[[ Information provided, beginning ]]

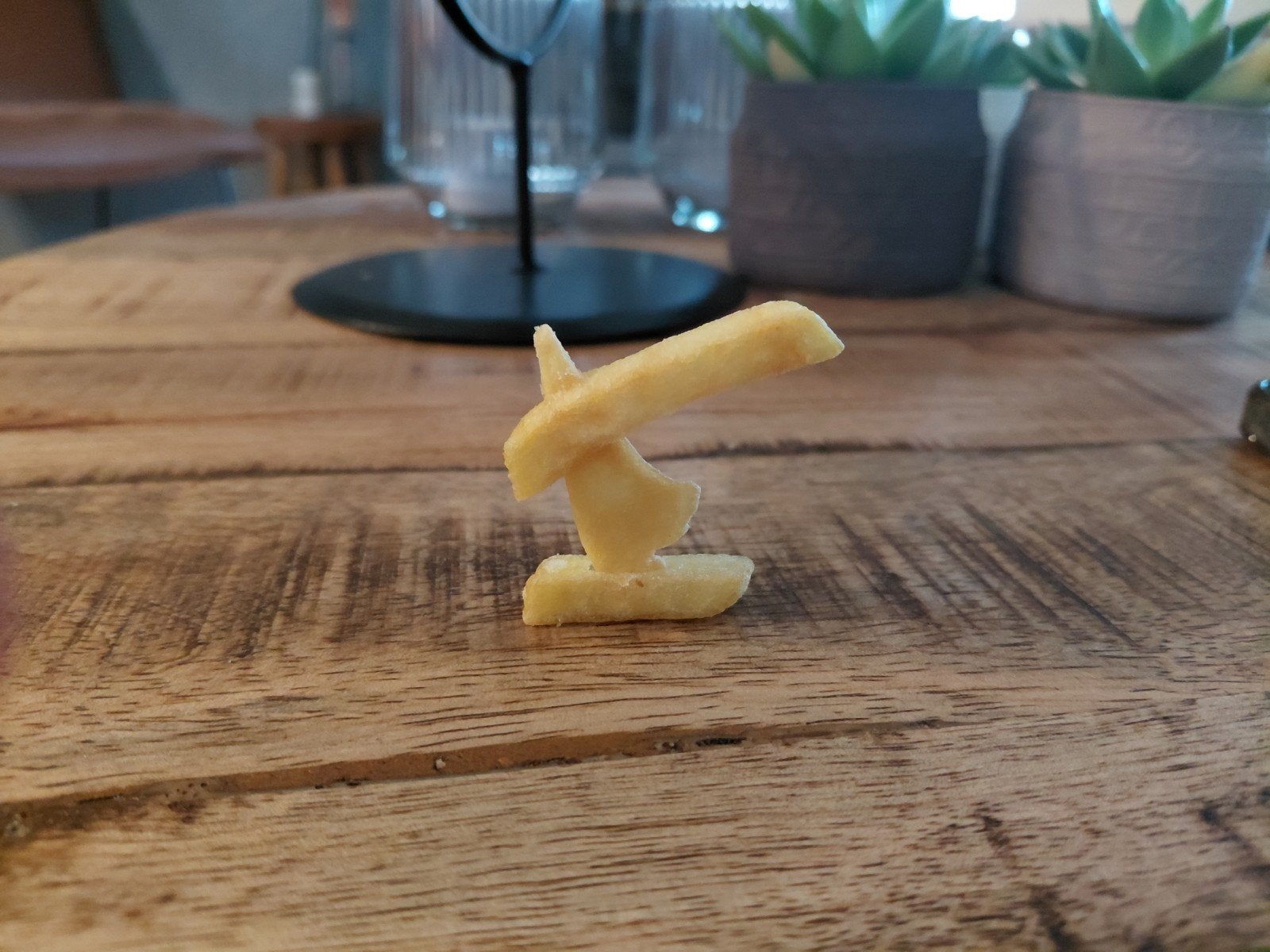 Grappig bijl in hout vormig patatje, Ophalen of Verzenden, Parket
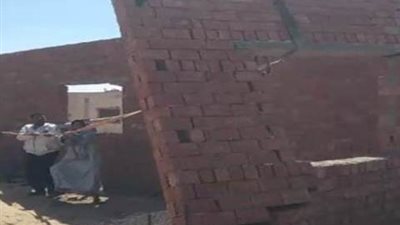 جهازالشروق يُوقف مخالفتى بناء ويُحرر (8) محاضر إشغال ومخالفات صور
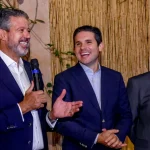 Hugo Motta e Tarcísio de Freitas durante articulação no Congresso sobre a anistia de Jair Bolsonaro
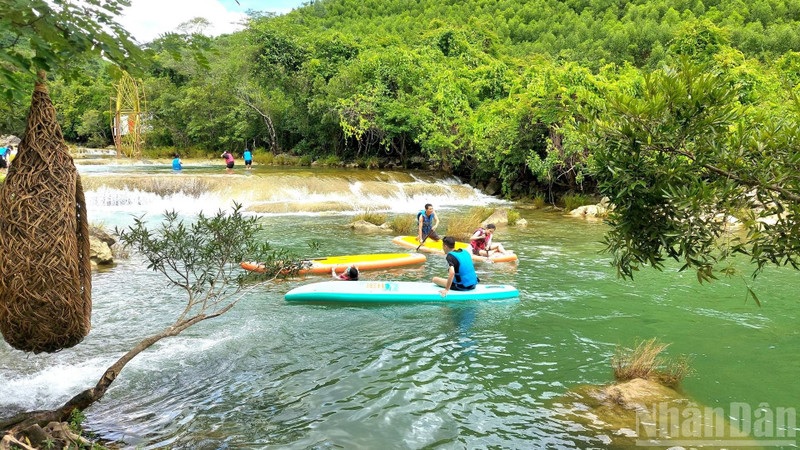 Along beautiful streams of Quang Binh (Quang Tri)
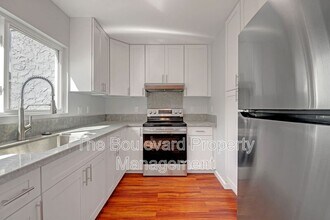 995 Awaawaanoa Pl in Honolulu, HI - Building Photo - Building Photo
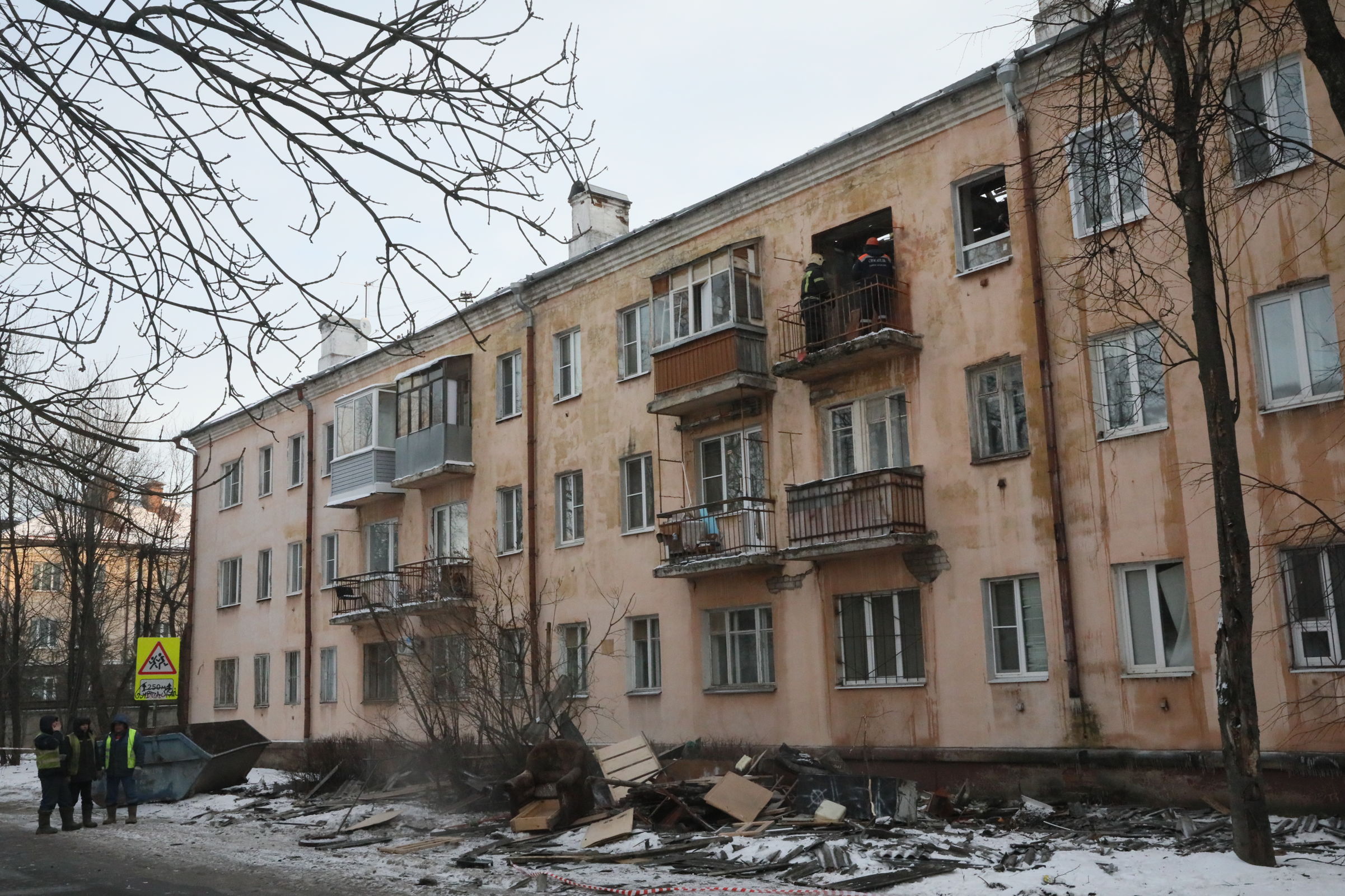 Появились фото и видео из квартиры в Ярославле, где взорвался газ
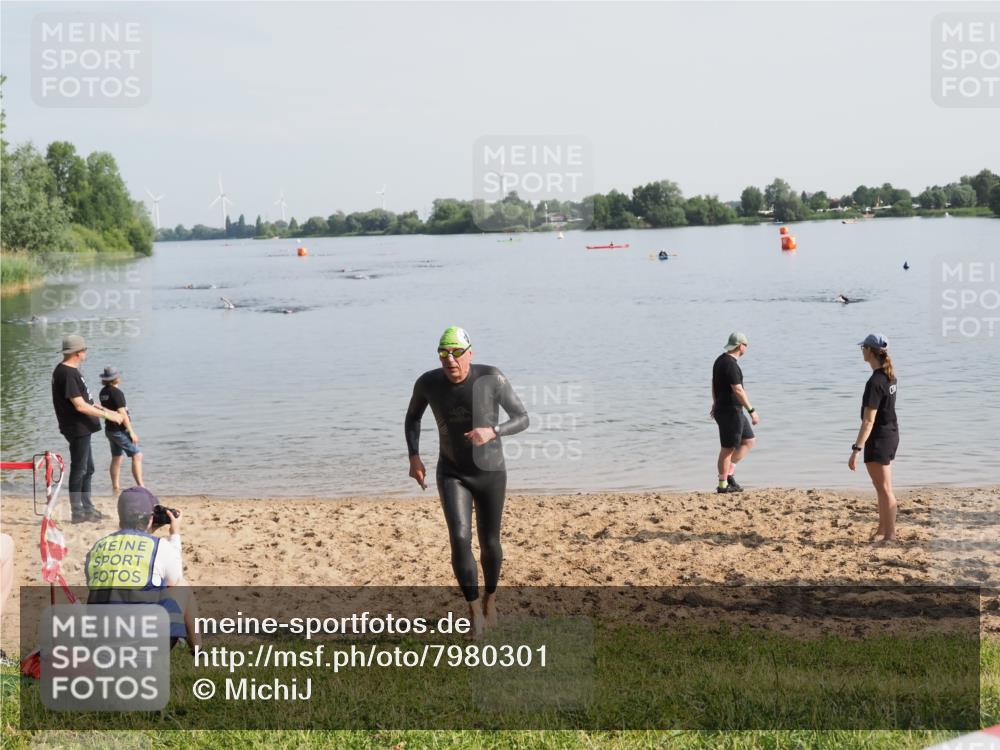 21.06.2025 - 27. Vierlanden-Triathlon MichiJ http://msf.ph/oto/7980301 15.06.2026 09:00:59 Schwimmen 217 meine-sportfotos.de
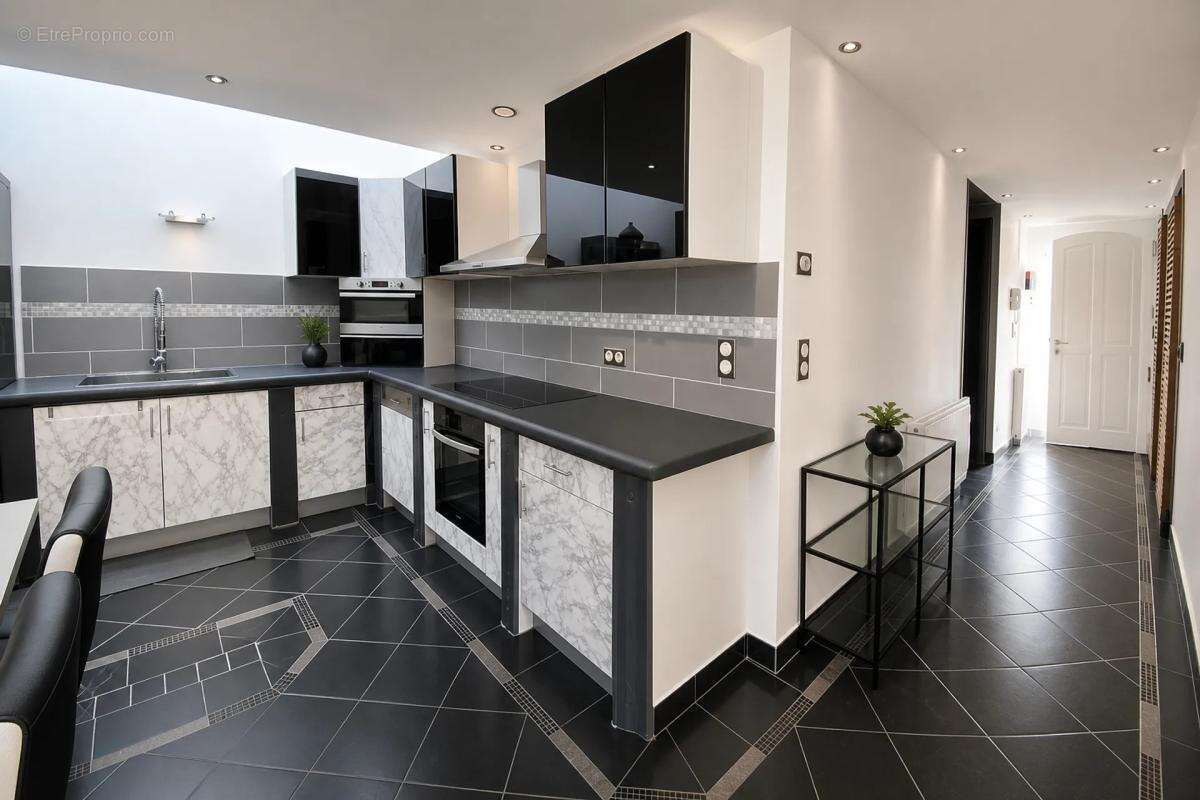 Appartement à VILLEMOMBLE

[[ Information provided, end ]]

[Brief]
Pictures stay out. Print the lines of the records above exactly, from the first through the one with "Появились фото и".

[The completed task]
 Grappig bijl in hout vormig patatje, Ophalen of Verzenden, Parket
 جهازالشروق يُوقف مخالفتى بناء ويُحرر (8) محاضر إشغال ومخالفات صور
 Hugo Motta e Tarcísio de Freitas durante articulação no Congresso sobre a anistia de Jair Bolsonaro
 Along beautiful streams of Quang Binh (Quang Tri)
 995 Awaawaanoa Pl in Honolulu, HI - Building Photo - Building Photo
 Появились фото и видео из квартиры в Ярославле, где взорвался газ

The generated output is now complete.